Reputation: 19
I have a data frame with N participants. Each participant has 50 trials, half of them with condition A and half with condition B. In each trial, they either got 0 or 1 in a certain variable. I need to count the occurrences of the 0's or 1's for each participant, in each of the conditions.
so far, i tried something like this:
the_answer = aggregate(certain_variable==0 ~ participant, data = data[data$condition=="A" , ], FUN = sum, na.rm = TRUE).
The problem is I always get a different number of participants in my results, instead of getting the same N participants, with different counting of the variables...

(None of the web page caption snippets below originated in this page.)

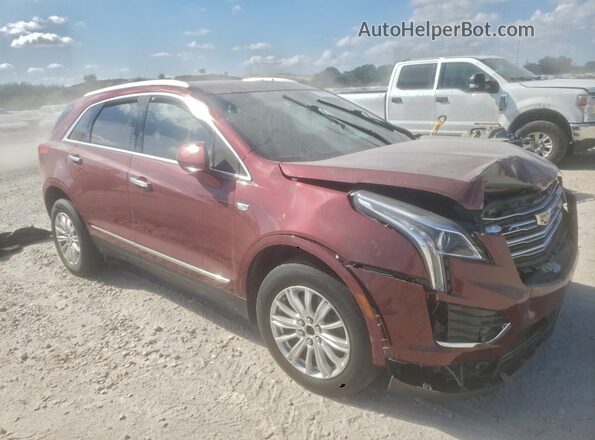 1GYKNARS6HZ138356 2017 CADILLAC XT5 Red Вид спереду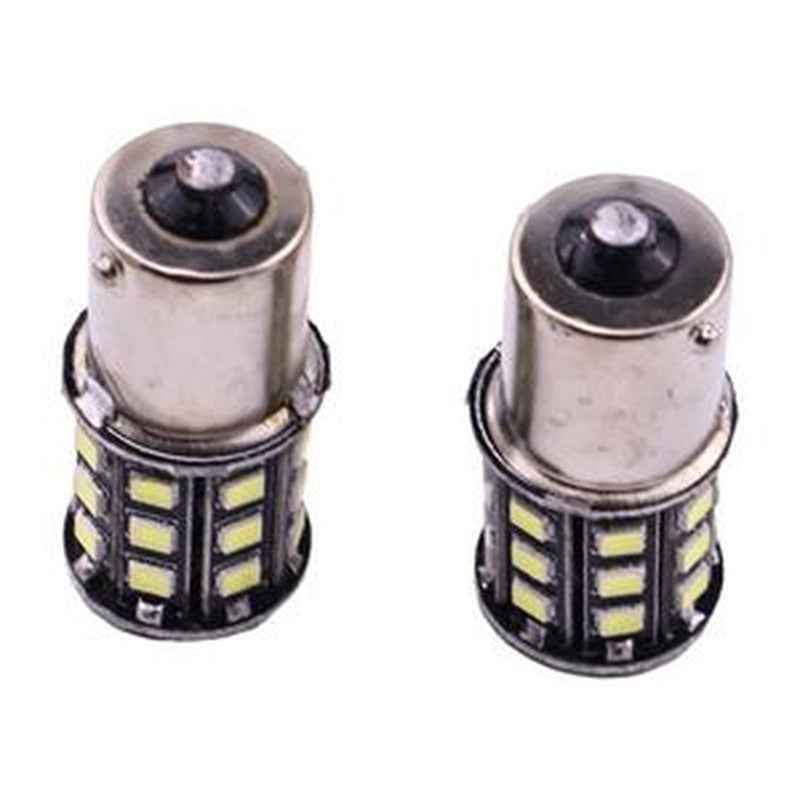 2pcs LED Light Bulbs 67211-55790 & 67111-55790 for Kubota B1550D & B1750D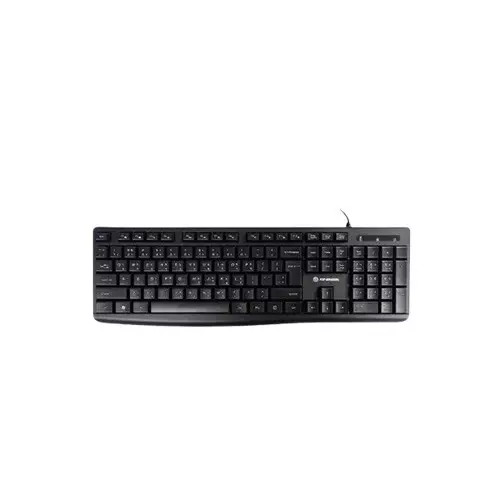 REVENGER RK 24 USB Keyboard with Bangla (Black)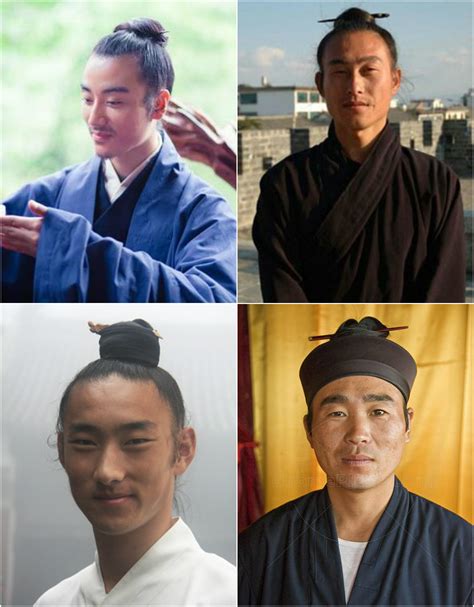 Ancient Chinese Hairstyles For Men Wavy Haircut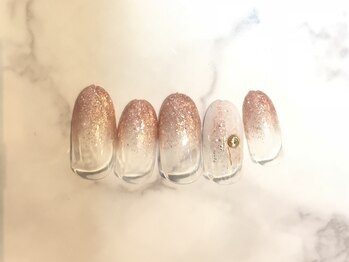 グラデーションネイル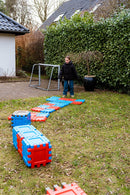 Dantoy Byggeplader - 12 stk. - Rød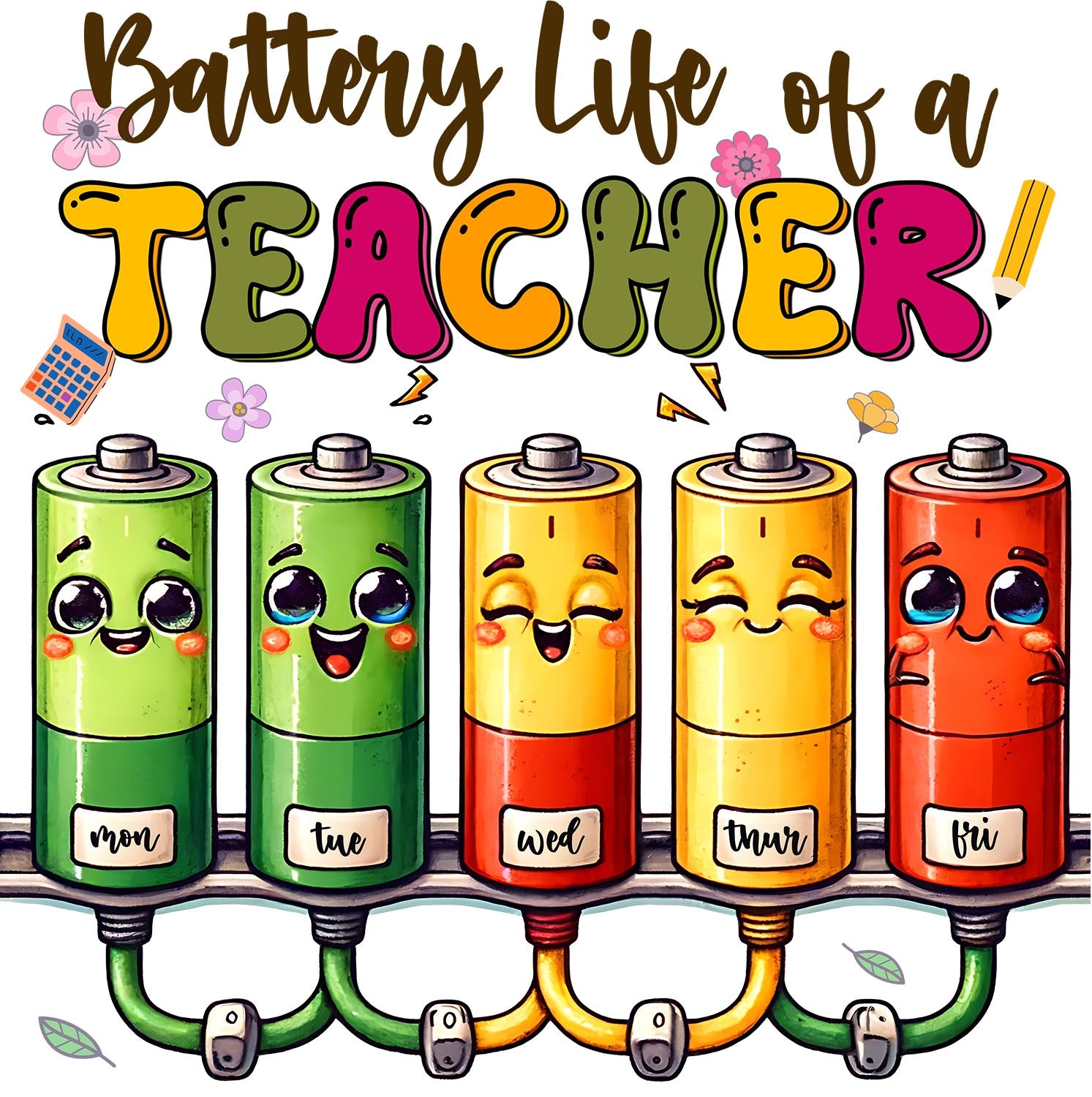 Battery Life A Teacher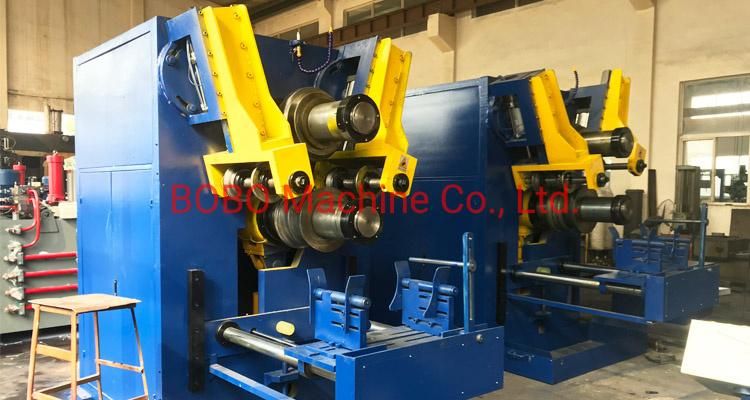 Tubless Steel Wheel Roll Forming Machine (WRF-30)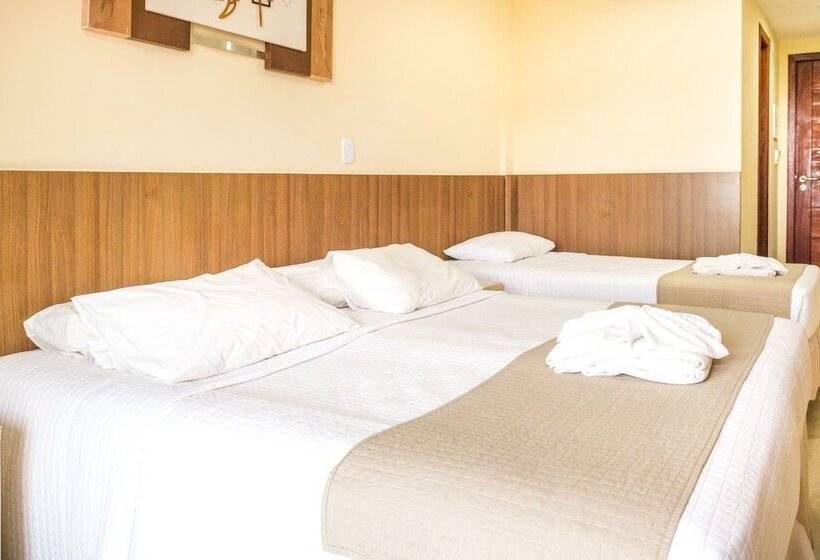 디럭스 트리플 룸, Mediterrane Hotel By Castelo Itaipava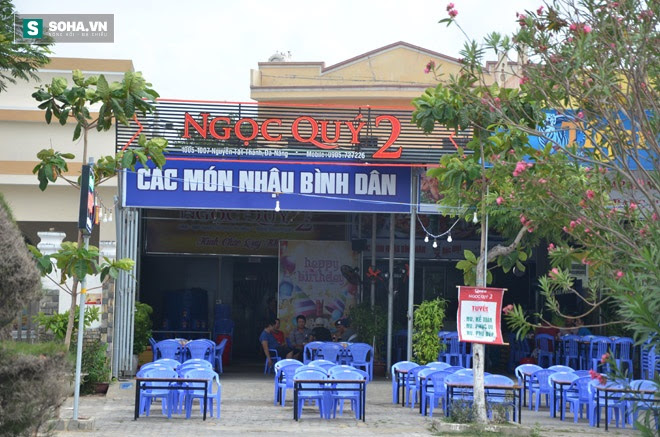 Nhà hàng Đà Nẵng treo bảng không bán hàng cho người Trung Quốc - Ảnh 1.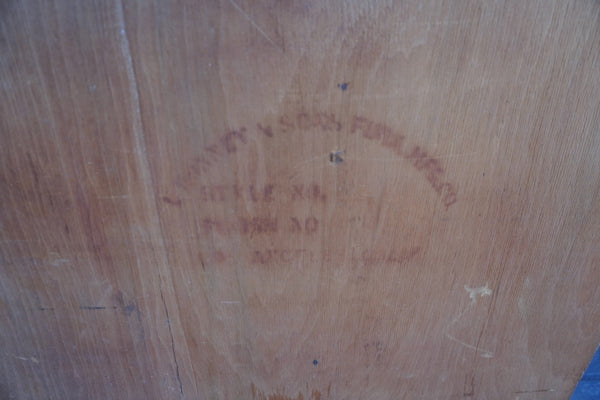 Charming Monterey-Style Bookcase c.1930 F2752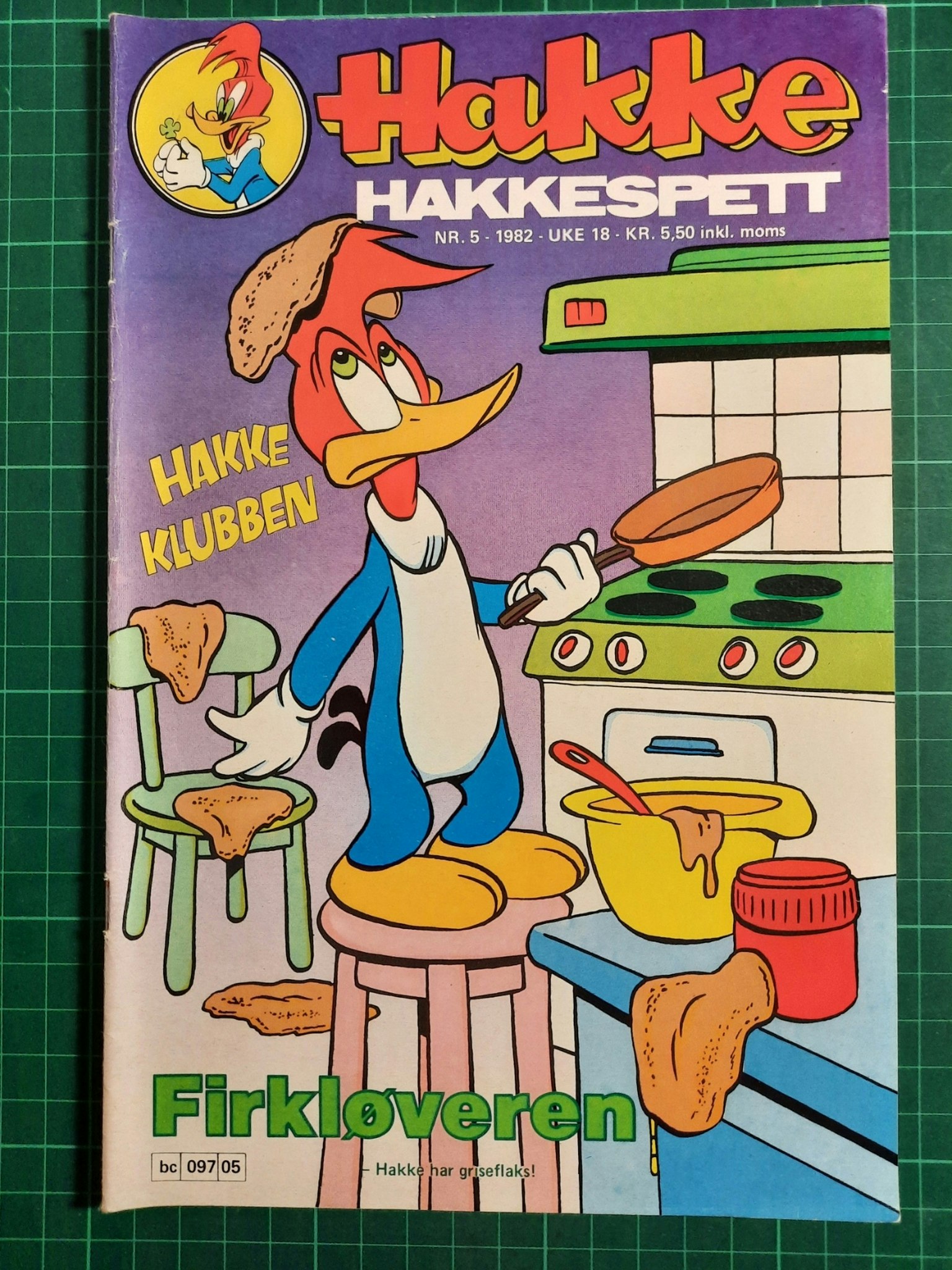 Hakke Hakkespett 1982 - 05
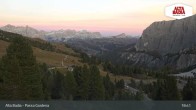 Archiv Foto Webcam Passo Gardena (Alta Badia) 18:00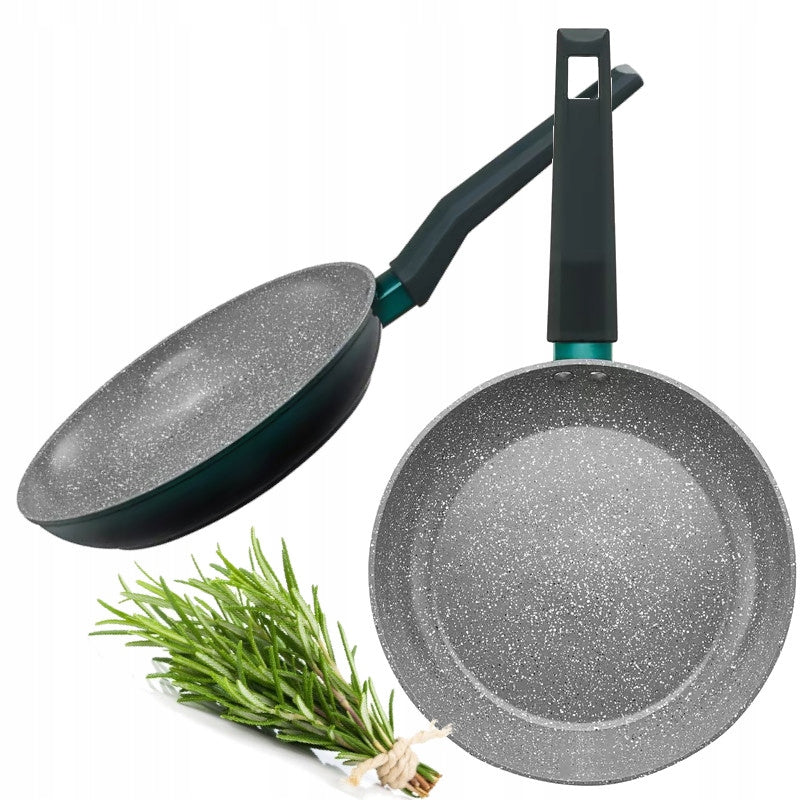 Patelnia tradycyjna Ambition OMBRE GREEN 20 cm ceramiczna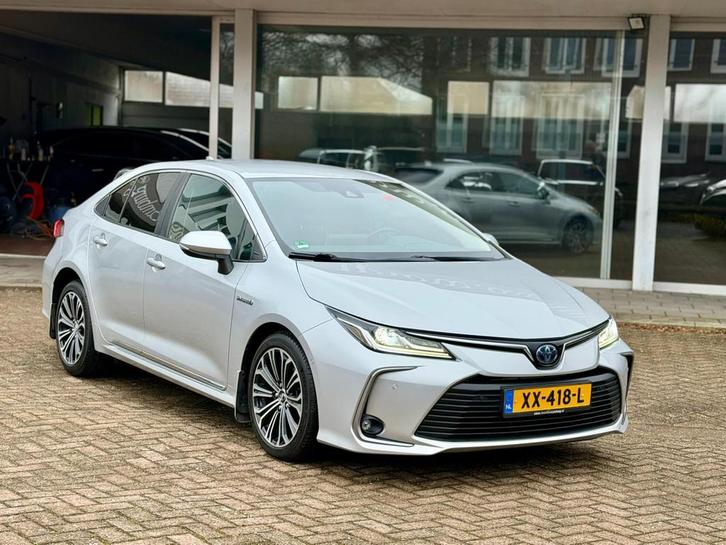 Toyota Corolla 1.8 Hybrid Style|Nieuwstaat|Origineel Nederla, Auto's, Toyota, Bedrijf, Te koop, Corolla, ABS, Achteruitrijcamera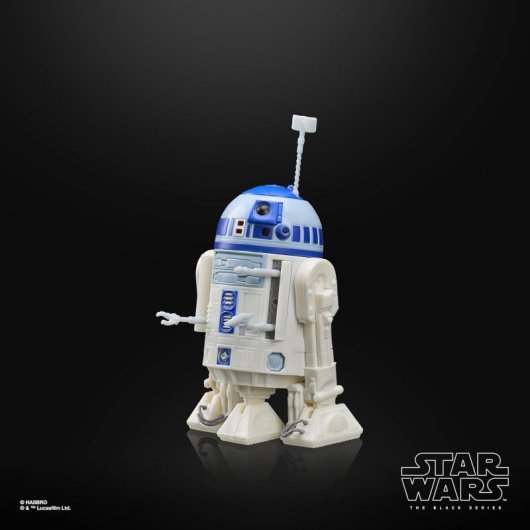 Figura Artoo-detoo Star Wars Droids The Adventures Of R2-d2 And C3-po Articulada 15 Cms
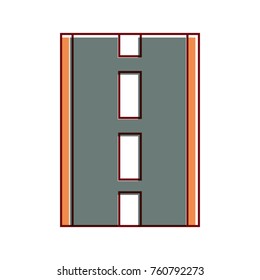 road or street navigation concept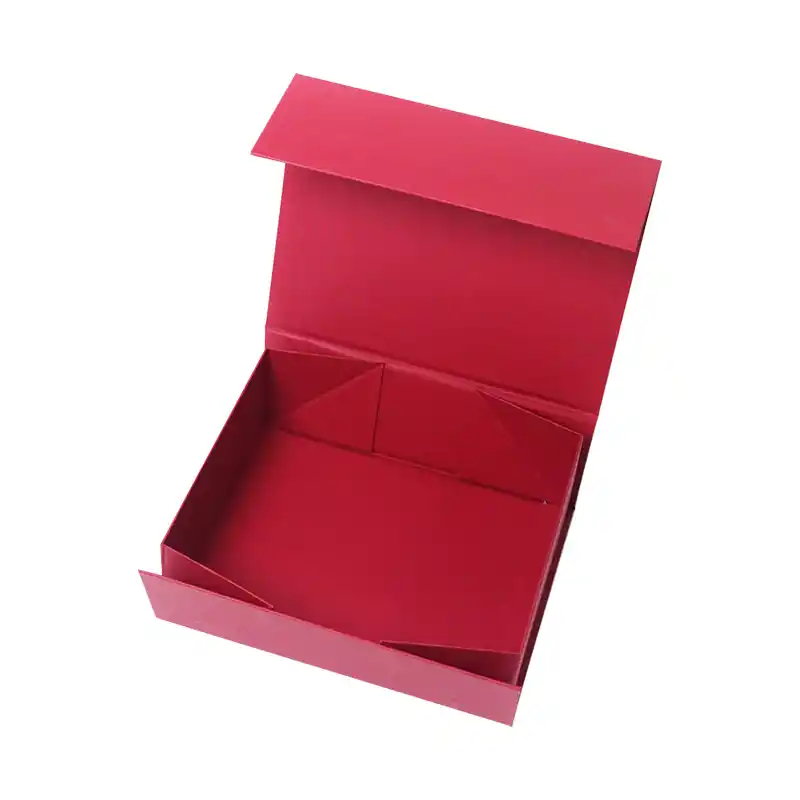 Bulk Custom Foldable Cardboard Magnetic Closure Paper Boxes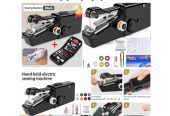 Mini Handheld Electric Sewing Machine Kit – Portable Quick-Stitch Tool (300g)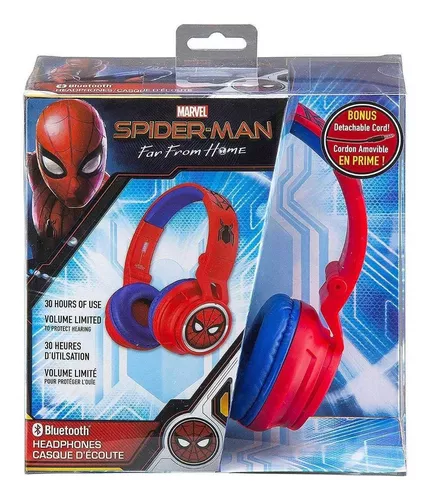 Cascos Inalámbricos Bt Confort Para Niños - Spider Man con Ofertas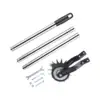 Lawn Edger Tool Wheel Rotary Edger Hand Saw Cordless Manual Lawn Edger Rotary Shear for Park Garden Yard Landscaping Sidewalk 1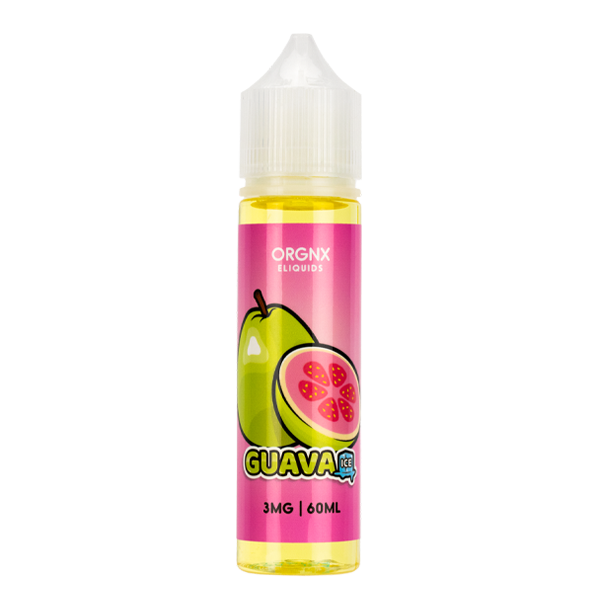 Wholesale Guava Ice Orgnx e-Liquid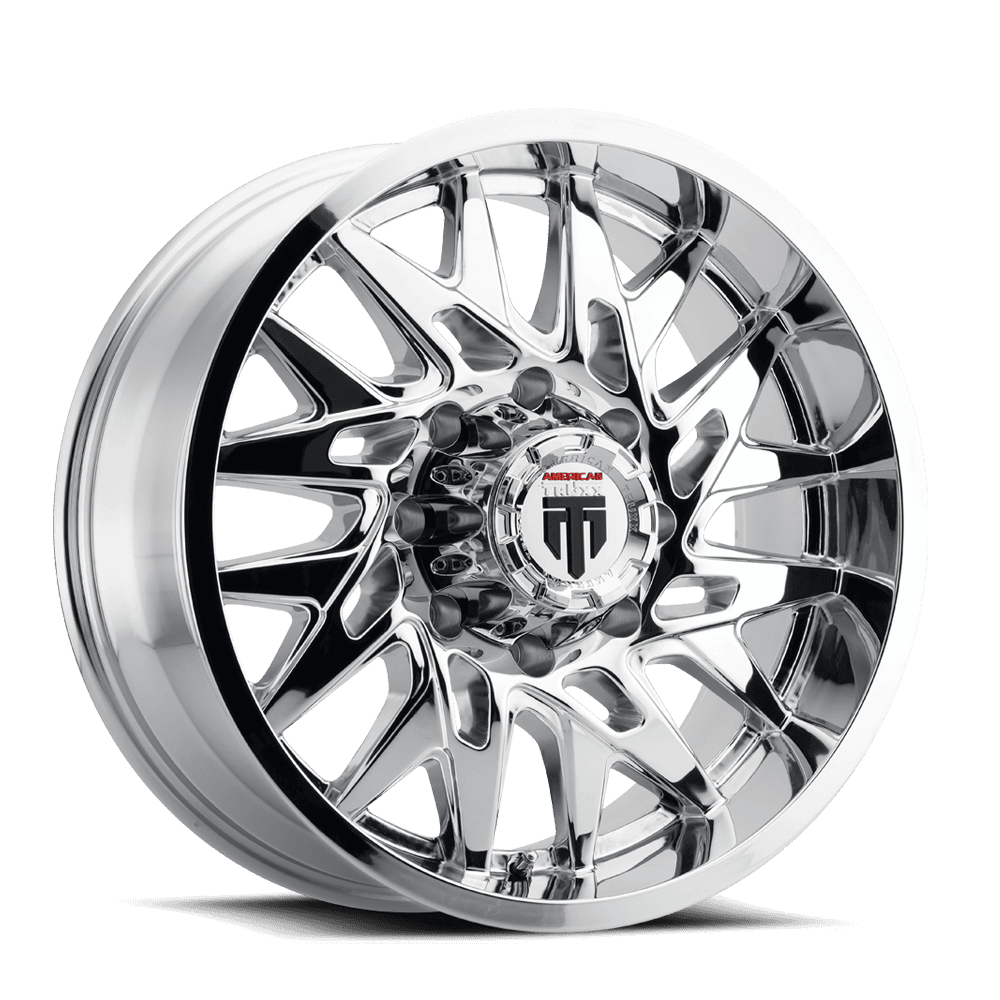 American Truxx DNA AT184 Chrome 20X9 5-127 0mm 78.1mm - AT184-2973C0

Hope i was clear enough... I would really appreciate any help...
thanks!
Upvotes: 0
Views: 1129
Reputation: 4232
###########################################################################
# Set-up
###########################################################################
# Packages
library(tibble)
libary(dplyr)
# Simulation parameters
set.seed(123)
participant_n <- 3
trial_n <- 50
trials_per_arm <- trial_n * 0.5
outcome_prob_A <- 0.8
outcome_prob_B <- 0.2
###########################################################################
# Simulate data
###########################################################################
# Participant and trials structure
data <- tibble(
participant = rep(1:participant_n, trial_n),
trial = rep(1:trial_n, each = participant_n),
)
# Randomly assign half of the trials to each condition, letting the trials
# assigned vary across participants
data <- data %>%
group_by(participant) %>%
mutate(
condition = sample(rep(c("A", "B"), trials_per_arm),
trial_n,
replace = FALSE),
outcome = case_when(
condition == "A" ~ rbinom(n(), 1, outcome_prob_A),
condition == "B" ~ rbinom(n(), 1, outcome_prob_B)
)
)
#> # A tibble: 150 x 4
#> # Groups: participant [3]
#> participant trial condition outcome
#> <int> <int> <chr> <int>
#> 1 1 1 A 1
#> 2 2 1 A 1
#> 3 3 1 B 0
#> 4 1 2 A 1
#> 5 2 2 B 0
#> 6 3 2 B 1
#> 7 1 3 B 1
#> 8 2 3 A 1
#> 9 3 3 B 0
#> 10 1 4 A 1
#> # ... with 140 more rows
data %>%
group_by(participant, condition, outcome) %>%
tally() %>%
ungroup()
#> # A tibble: 12 x 4
#> participant condition outcome n
#> <int> <chr> <int> <int>
#> 1 1 A 0 2
#> 2 1 A 1 23
#> 3 1 B 0 21
#> 4 1 B 1 4
#> 5 2 A 0 5
#> 6 2 A 1 20
#> 7 2 B 0 22
#> 8 2 B 1 3
#> 9 3 A 0 4
#> 10 3 A 1 21
#> 11 3 B 0 22
#> 12 3 B 1 3
# If you just want counts for each outcome for each condition:
data %>%
group_by(condition, outcome) %>%
tally() %>%
ungroup()
#> # A tibble: 4 x 3
#> condition outcome n
#> <chr> <int> <int>
#> 1 A 0 11
#> 2 A 1 64
#> 3 B 0 65
#> 4 B 1 10
Upvotes: 1